By  · Published on June 23rd, 2015

Marvel, Sony and Paramount won’t be at San Diego Comic-Con this year. Marvel – the foremost maker of comic book movies – passing is significant enough, but the homes of Spider-Man, Transformers and Star Trek passing adds to the absence. The Variety report quotes an anonymous film executive saying that “the film cycles just didn’t allow it,” which may be accurate (depending on the studio), but seems suspect considering that the comic book/geek property film cycle is “365 days a year.”

The real culprit is most likely Marvel’s taking announcements into its own hands. The studio is able to pull global attention away from crushing candy with ease, so they don’t really need the six-figure-expense platform Comic-Con offers. After 7 years, they have graduated and no longer need to walk the stage.

Granted, this isn’t such a big deal. For one, Comic-Con shed its comic book roots in favor of broad pop culture mecca status a long time ago. For two, Warners and DC will be present, so its Justice League team can own the spotlight and bring the appropriate amount of classic comic book pages to life in Hall H. With just one movie, there will be almost a dozen superheroes on stage.

There’s also Fox, who will most likely show off more X-Men and maybe a late-game push for Fantastic Four. Plus, with Marvel leaving a stage empty, it offers more room for Disney to shine with a Star Wars presentation which will undoubtedly endanger the structural integrity of the convention center’s capacity for screaming.

That’s not to mention Universal (Crimson Peak? Jem and the Holograms? Warcraft?); Lionsgate (The Last Witch Hunter? The Hunger Games (no question mark needed)); and non-comic stuff from Warners (Man from UNCLE? Pan?), among others.

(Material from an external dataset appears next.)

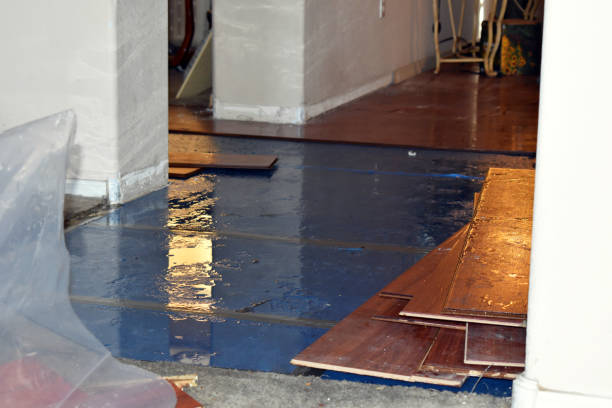 Professional Basement Flood Cleanup technician working in Levant, ME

Still, you can see the lack of comic book properties clearly. Marvel’s decision to ignore Comic-Con’s largest stage and, to a less extent, the other studios’ same decision, solidifies the culture change of the event. It’s evolved so far beyond comic book culture that now Marvel won’t even be involved at its most conspicuous stage. While at one point all the non-comic stuff was anchored by Iron Man, now we have no choice but to view Comic-Con for what it’s become: Popular Things We’ve Heard Of-Con or Things That Might Be of Tangential Interest to Comic Book Fans-Con.

That’s not a bad thing. In fact, it’s a good thing because the Con allows a safe space for fans of all kinds of a media a place to be as passionate as they want to be. That shouldn’t only extend to comic book readers.

At the same time, I’ve borne witness to Marvel’s power in Hall H. As perhaps the only studio that really understood how to make a presentation sing, they have almost always been the fireworks show of the weekend. Without them, either another studio will emerge as the new star, or Hall H won’t reach the right crescendo.

Just kidding. The Force Awakens is going to level the place.